Customers: Well, the most obvious answer to this question is your customers. They are the ones using your products or availing of your services and of course they will be able to give you valuable insights about what can be improved.

However, people often neglect two other very important groups. One is your lost customers and the other is your employees.

Lost customers: The feedback from lost customers could be really valuable as it can help you identify why your clients decide to switch to a competitor of yours and therefore what you can do to prevent this from happening. Lost customers will normally be very honest and you have nothing to lose there. Quite on the contrary, it is a chance to win them back by offering something better. For example, if you were a company that sells accounting software, you might find out that some of your lost customers didn’t want to pay €150 per month for 10 features when they only use 5 and this might make you think of a different pricing structure suitable to more businesses with different needs.

Employees: I’ve talked about the importance of employees to business and how they are essentially the face of your company on various occasions. Employees are not only representing your company, but also employees are the ones who meet and communicate with your customers face to face, witnessing their reactions and hearing their opinions about changes, new products, etc. first hand. This being said, it might be a good idea to start discussion groups for those employees who interact directly with your customers. Ask your employees what works, what doesn’t, how clients react to certain things and get them to come up with ideas and plans for improvement based on the feedback they themselves are providing.

This will provide you with valuable feedback about your clients’ experience while at the same time it will make your employees feel more engaged as they are empowered to make changes.

Don’t forget to give them certain freedom too when it comes to dealing with issues with clients. I’ve often come across situations of negative feedback from clients or problems wherein the aftermath it becomes clear that the employee knew how to handle the situation and could have turned a disappointed customer into a happy one, but simply didn’t have the authority to take action.
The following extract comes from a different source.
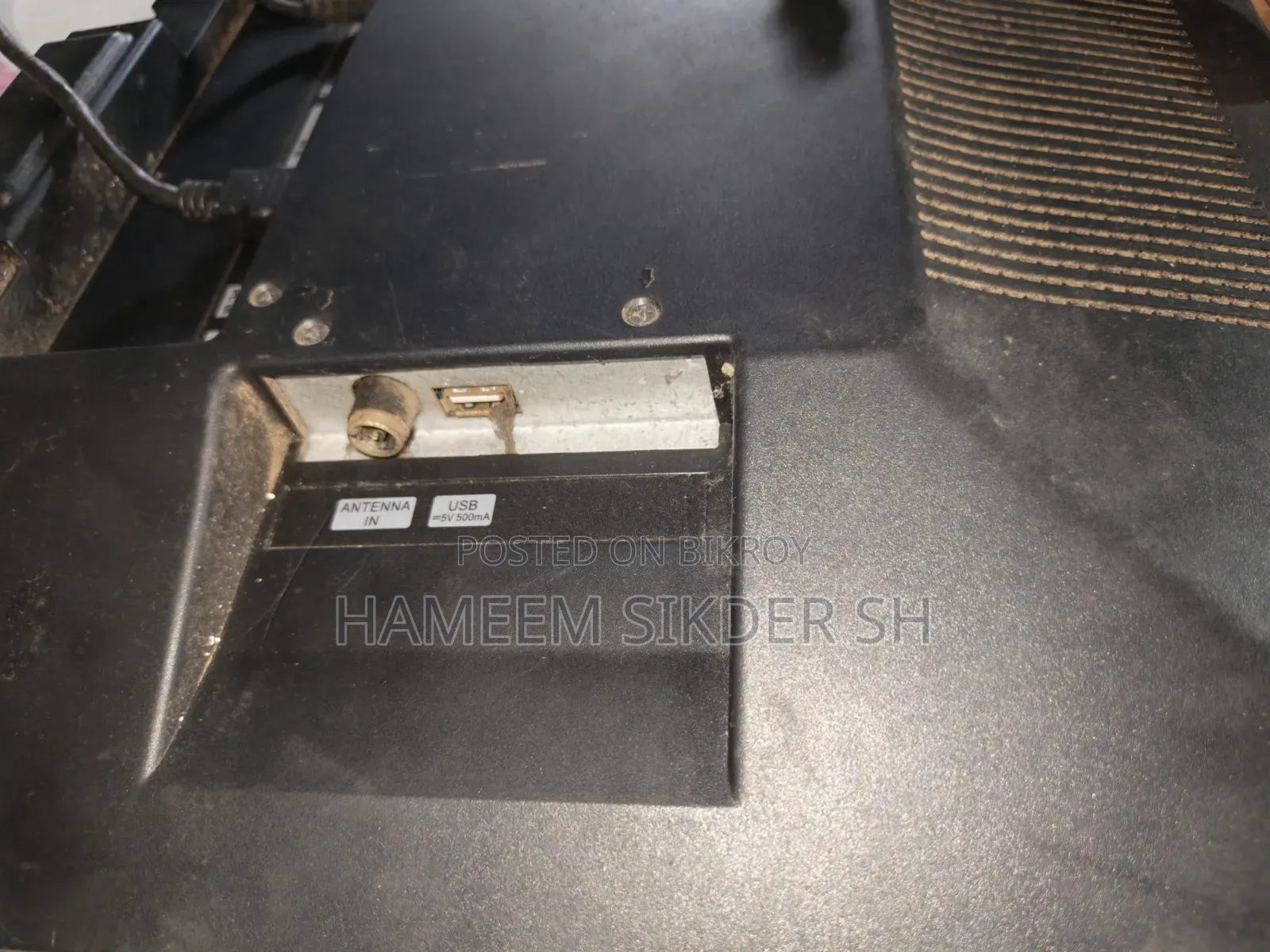 ওয়ালটন টিভি+মনিটর ২১"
Whatever approach you take, whether you collect feedback yourself or have a market research company do it for you, whether you send out a survey or call your clients, whether you ask customers or employees as well, keep in mind that there is no bad feedback as such so don’t take it personally. There’s positive feedback, which is great to hear of course and then there’s negative feedback which while unpleasant to read is full of insights and ideas. Negative feedback is the most valuable feedback. It tells you what you might need to work on and inspire you to take action, be innovative and offer something that others don’t.  Customer feedback tells you what you are doing right and negative feedback gives you ideas as to what you can do better.